▶ _EXERCISE OBJECTIVE_:
Leave the pictures aside. Retype exactly the lines from the top of the data below through the one holding "FOGG Master (AGAR)".
====== TASK INPUTS ======
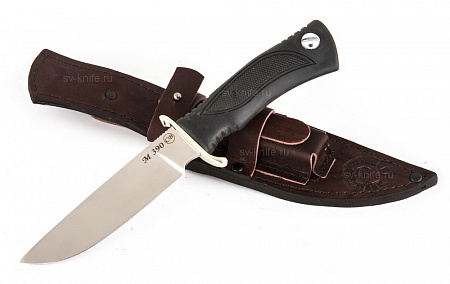 Нож "Енот" разборный: сталь - Bohler М390; рукоять - резина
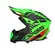 Acerbis X-track 2206 Мотошлем Green Fluo Black Зеленый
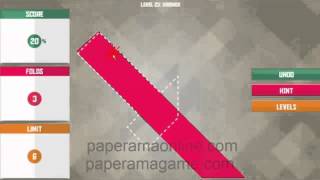 Paperama Level 23   Tani   Walkthrough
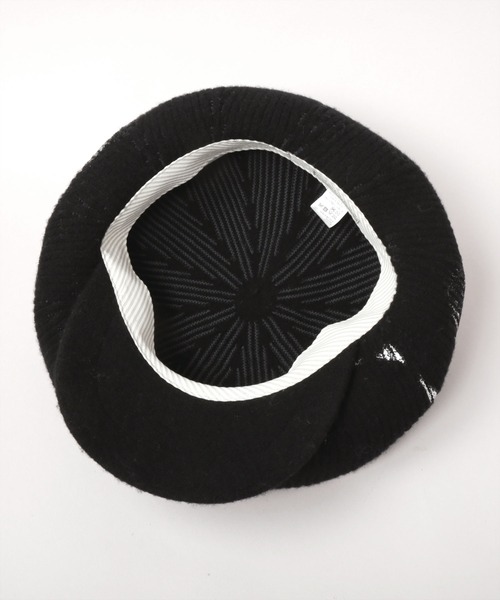 CA4LA（カシラ）の「CF QUENTIN（キャスケット・レディース・ブラック/イエロー/グレー・ONESIZE）」の5枚目の写真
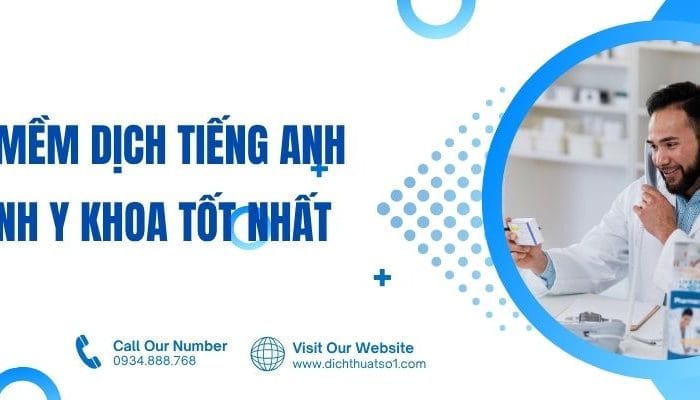 Top 3 Phần Mềm Dịch Tiếng Anh Chuyên Ngành Y Khoa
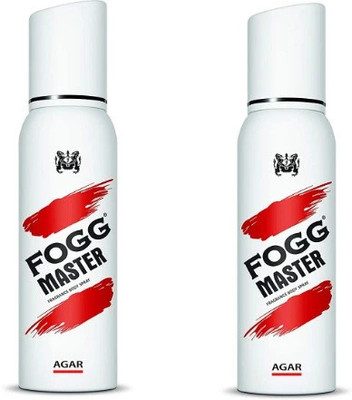 FOGG Master (AGAR) - MA-002 (120ml) Body Spray  -  For Men(240 ml, Pack of 2)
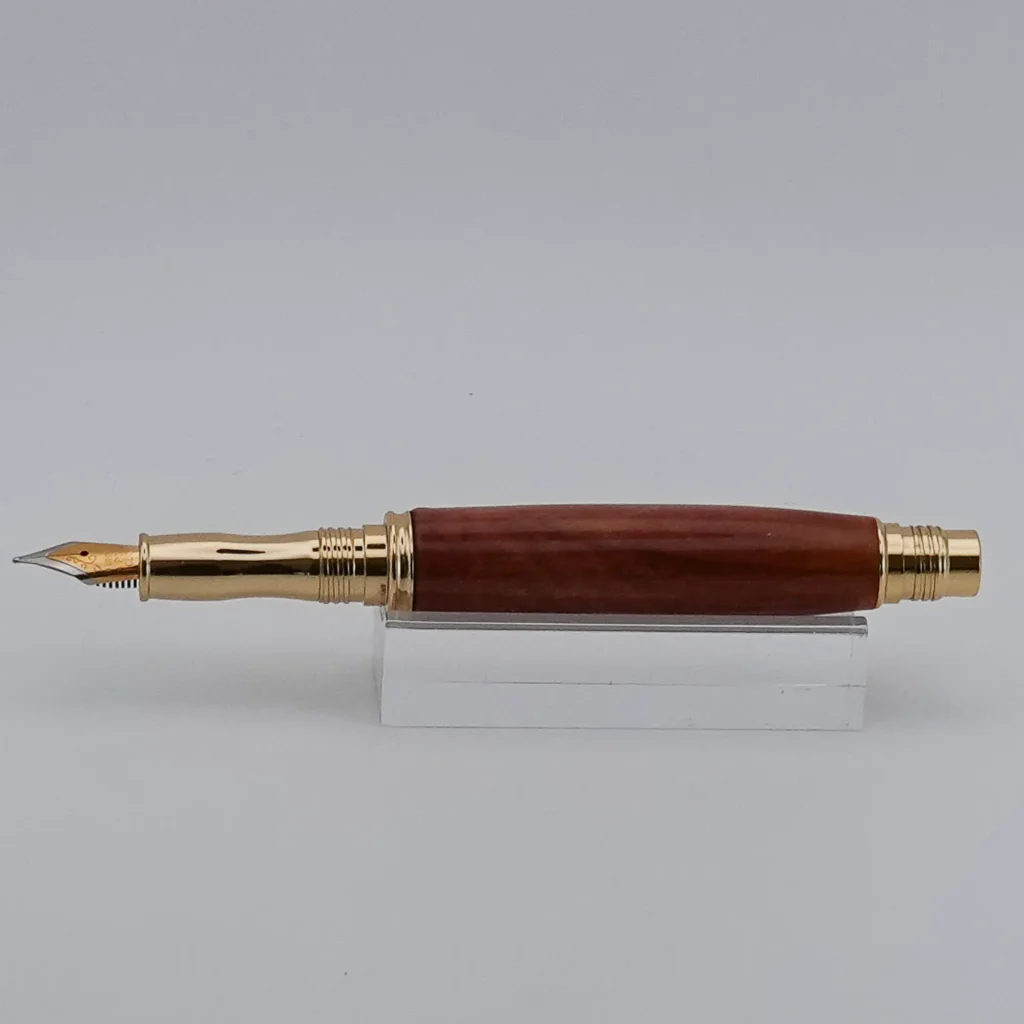 Cedar Fountain Pen with Gold Plated Fittings (1301)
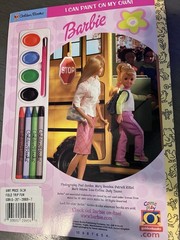 Vtg 2002 Golden Books Barbie “Field Trip Fun” RARE Paint And Coloring Book!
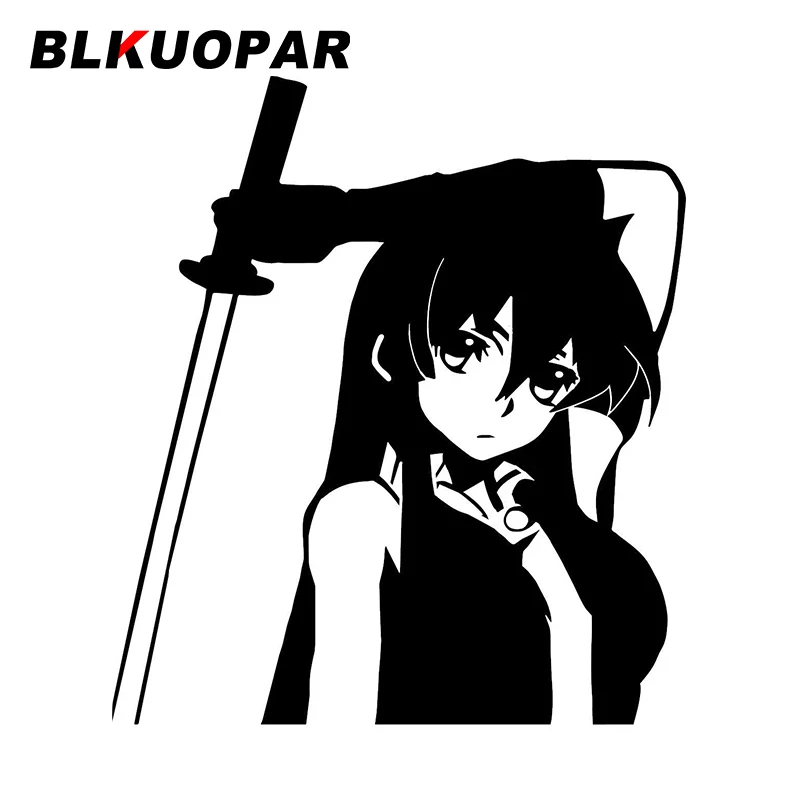 BLKUOPAR Akame Ga KILL! Japanese Anime Scratch-Proof Graphics Car Stickers Windows Trunk Motorcycle Decal Windows Decoration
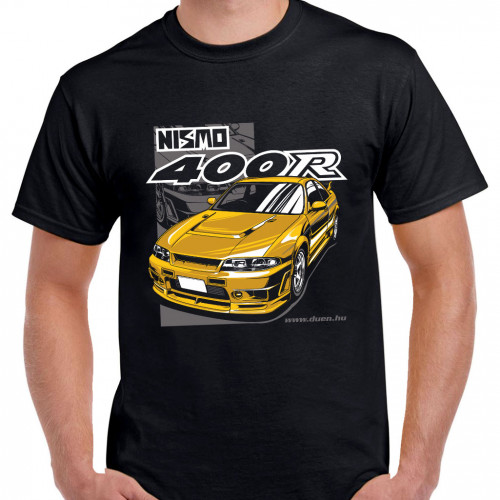 TUNING - Nissan NISMO 400R fekete póló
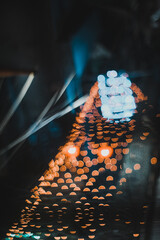 The beautiful bokeh lights in background.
======
▶ _SOLUTION TO THE EXERCISE_:
 Нож "Енот" разборный: сталь - Bohler М390; рукоять - резина
 Acerbis X-track 2206 Мотошлем Green Fluo Black Зеленый
 Paperama Level 23   Tani   Walkthrough
 CA4LA（カシラ）の「CF QUENTIN（キャスケット・レディース・ブラック/イエロー/グレー・ONESIZE）」の5枚目の写真
 Top 3 Phần Mềm Dịch Tiếng Anh Chuyên Ngành Y Khoa
 FOGG Master (AGAR) - MA-002 (120ml) Body Spray  -  For Men(240 ml, Pack of 2)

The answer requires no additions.